Greater Sage Grouse
Ruler of the Roost
Behold the most powerful creature in the West: the greater sage grouse. Its clout stems not from the majestic ruff males puff up to impress the ladies, nor from the intricate courtship dances they perform. Rather, grouse power comes from the broad restrictions on ranching, mining, and oil and gas development that would follow were it to be listed as an endangered species.
Sage grouse are widely–but thinly–spread across 186 million acres in 11 western states. Since they depend on intact sagebrush landscapes unfragmented by roads, drilling rigs, or overgrazing, their numbers are falling sharply. The U.S. Fish and Wildlife Service must make a listing decision in 2015, and that sword of Damocles has prodded federal and state agencies to take grouse conservation very seriously indeed.

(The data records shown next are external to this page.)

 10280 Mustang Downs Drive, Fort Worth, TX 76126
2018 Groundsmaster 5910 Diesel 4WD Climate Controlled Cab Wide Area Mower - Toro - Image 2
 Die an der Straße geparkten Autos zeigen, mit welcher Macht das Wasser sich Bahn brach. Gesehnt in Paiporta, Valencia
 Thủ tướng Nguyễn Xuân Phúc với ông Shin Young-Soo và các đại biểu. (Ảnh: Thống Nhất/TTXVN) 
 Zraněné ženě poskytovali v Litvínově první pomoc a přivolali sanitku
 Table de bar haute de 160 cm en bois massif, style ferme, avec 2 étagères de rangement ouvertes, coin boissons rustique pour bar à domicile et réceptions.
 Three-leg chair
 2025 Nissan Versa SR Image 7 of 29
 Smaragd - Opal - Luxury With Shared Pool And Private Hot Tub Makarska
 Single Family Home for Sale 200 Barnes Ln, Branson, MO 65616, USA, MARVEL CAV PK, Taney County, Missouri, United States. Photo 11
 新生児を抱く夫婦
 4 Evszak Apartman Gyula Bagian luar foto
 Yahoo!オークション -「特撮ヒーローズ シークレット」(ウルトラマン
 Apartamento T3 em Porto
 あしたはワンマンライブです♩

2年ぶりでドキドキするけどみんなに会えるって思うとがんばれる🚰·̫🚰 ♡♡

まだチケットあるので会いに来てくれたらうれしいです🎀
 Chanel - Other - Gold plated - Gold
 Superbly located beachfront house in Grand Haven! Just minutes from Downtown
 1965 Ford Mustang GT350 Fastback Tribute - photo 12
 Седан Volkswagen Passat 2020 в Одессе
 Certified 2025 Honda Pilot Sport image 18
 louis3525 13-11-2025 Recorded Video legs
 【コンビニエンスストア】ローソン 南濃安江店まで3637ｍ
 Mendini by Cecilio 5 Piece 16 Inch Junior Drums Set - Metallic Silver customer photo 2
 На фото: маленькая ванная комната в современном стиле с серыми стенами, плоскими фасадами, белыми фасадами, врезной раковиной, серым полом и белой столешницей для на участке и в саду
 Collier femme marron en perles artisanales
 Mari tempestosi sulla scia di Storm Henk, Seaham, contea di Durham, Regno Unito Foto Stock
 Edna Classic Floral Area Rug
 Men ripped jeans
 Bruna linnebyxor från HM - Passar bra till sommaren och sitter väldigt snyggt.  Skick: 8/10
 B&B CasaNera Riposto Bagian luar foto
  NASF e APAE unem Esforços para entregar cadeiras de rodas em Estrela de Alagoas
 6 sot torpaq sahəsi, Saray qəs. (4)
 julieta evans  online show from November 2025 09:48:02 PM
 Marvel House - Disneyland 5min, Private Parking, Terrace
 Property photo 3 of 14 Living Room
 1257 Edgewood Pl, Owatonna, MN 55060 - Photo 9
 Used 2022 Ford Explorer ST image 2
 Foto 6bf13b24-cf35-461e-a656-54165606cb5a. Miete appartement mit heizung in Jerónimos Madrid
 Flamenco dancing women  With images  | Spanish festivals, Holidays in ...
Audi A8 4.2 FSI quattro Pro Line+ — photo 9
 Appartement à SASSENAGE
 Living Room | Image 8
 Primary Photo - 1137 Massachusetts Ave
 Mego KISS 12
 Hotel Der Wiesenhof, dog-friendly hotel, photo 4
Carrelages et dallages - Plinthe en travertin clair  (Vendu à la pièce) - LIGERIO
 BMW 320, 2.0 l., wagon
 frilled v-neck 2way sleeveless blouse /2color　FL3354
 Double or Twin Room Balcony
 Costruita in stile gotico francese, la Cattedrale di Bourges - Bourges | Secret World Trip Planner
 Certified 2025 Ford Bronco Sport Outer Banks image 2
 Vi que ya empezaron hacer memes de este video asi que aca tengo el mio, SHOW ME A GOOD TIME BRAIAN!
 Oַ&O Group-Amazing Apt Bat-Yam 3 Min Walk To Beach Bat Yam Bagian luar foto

The Bureau of Land Management is amending 80 land-use plans to benefit the grouse, and the Forest Service is revising 20 of its own.
Forty percent of sage grouse habitat, however, is on private land. The Natural Resources Conservation Service is working with farmers and ranchers to improve grazing practices, stop the spread of conifers that encroach on sagebrush rangeland, and increase cover for nesting grouse to hide in. In return, landowners would be preemptively declared to be in full compliance with the Endangered Species Act, should the grouse be listed. Tim Griffiths leads the NRCS's grouse campaign: "What began as a fear-based effort," he says, "has succeeded in marrying range health to what the sage grouse need."